* _MATERIAL PROVIDED_:
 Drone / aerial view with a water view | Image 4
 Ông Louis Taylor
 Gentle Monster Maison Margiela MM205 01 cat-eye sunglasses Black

* _WHAT YOU SHOULD DO_:
Here, the lines to copy run from the one containing "Ông Louis Taylor" to the final line of the listing; copy them exactly and nothing else.

* _EXERCISE RESULT_:
 Ông Louis Taylor
 Gentle Monster Maison Margiela MM205 01 cat-eye sunglasses Black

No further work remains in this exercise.